Sunday, September 21, 2014

Well...three years later, I realize my reaffirmation to blogging was just a fleeting thought back then...

Little would I know that 2011 would be a life-changer for me.  I lost my boyfriend Martin to a major heart attack in November of that year and a fog descended down on me that that I didn't know was there until it began to lift two years later.  There are still moments that hit, like when I'm out buying a new kitchen light to replace the one we bought together ... and I can't find the right one I know he would agree with me on, or when someone we both knew died, or something funny happens that would mean something significant to both of us...sometimes it makes me want to tell him about something that changed...and I realize he's been gone for so long that it would take me a very long time to "catch him up" on the news ... and sometimes he visits me in dreams and there is never enough time to tell him everything, but sometimes he just knows...
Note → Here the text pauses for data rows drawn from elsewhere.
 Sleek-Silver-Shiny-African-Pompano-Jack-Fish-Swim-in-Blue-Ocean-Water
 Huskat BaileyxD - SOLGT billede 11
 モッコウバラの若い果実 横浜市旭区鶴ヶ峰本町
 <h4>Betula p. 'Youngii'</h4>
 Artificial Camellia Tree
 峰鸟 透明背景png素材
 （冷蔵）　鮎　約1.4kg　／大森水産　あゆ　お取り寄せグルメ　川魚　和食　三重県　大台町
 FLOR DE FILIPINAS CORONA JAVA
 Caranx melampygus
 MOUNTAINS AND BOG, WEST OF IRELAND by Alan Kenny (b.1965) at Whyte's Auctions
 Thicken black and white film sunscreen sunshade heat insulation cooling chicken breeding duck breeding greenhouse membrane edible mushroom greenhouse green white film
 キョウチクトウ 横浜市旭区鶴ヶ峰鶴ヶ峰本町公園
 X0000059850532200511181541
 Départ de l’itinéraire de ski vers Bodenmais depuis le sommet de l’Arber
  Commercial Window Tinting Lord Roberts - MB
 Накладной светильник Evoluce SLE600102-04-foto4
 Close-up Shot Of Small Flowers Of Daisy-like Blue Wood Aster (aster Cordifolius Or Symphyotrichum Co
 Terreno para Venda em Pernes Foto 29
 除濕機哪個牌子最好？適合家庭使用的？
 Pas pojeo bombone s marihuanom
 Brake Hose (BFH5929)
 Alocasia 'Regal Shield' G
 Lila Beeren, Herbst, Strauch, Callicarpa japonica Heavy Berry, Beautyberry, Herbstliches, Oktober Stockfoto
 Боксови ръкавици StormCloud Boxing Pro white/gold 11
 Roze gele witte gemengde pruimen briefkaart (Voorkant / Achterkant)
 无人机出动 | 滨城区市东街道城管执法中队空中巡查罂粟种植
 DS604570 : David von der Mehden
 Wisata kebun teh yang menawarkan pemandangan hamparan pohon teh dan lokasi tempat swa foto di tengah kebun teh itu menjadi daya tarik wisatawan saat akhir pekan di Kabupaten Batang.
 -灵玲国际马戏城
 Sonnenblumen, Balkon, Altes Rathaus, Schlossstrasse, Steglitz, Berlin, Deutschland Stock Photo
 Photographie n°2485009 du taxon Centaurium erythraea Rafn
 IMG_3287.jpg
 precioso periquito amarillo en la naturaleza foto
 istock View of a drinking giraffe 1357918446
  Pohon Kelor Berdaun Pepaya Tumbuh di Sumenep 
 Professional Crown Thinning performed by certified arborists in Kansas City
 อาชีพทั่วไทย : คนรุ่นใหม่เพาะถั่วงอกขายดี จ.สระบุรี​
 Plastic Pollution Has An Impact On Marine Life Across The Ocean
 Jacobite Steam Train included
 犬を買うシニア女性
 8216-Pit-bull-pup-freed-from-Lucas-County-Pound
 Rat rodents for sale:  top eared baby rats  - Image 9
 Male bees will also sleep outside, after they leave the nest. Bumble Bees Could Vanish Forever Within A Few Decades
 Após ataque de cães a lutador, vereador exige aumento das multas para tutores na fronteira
I had a psychic tell me that he knows I'm doing what I need to in order to survive, and that when I'm ready, he'll send me someone to love...and I think he did that just about two months ago.  He sent me Tom.  Tom who is so alike Martin, but yet so opposite -- he's everything I needed from Martin, but was not in Martin's personality to be...I truly feel like Tom was sent to me to be my companion and my new best guy friend.  He loves me and my dog and my family as crazy as they are and understands me, when my voice goes up two octaves when I can't find my socks...not because I can't find them, but because I'm stressing over something different entirely.  We have had so many of the same experiences that we have said more than once "We are the same person!"

Looking back on my older posts, I seemed depressed, down all the time, struggling.  I feel much happier, lighter and different.  I have lost 80 pounds.  I am almost done with getting my MBA.  I'm doing things that make me happy.

I think its time to get back to blogging.  I have a story to tell.  My story.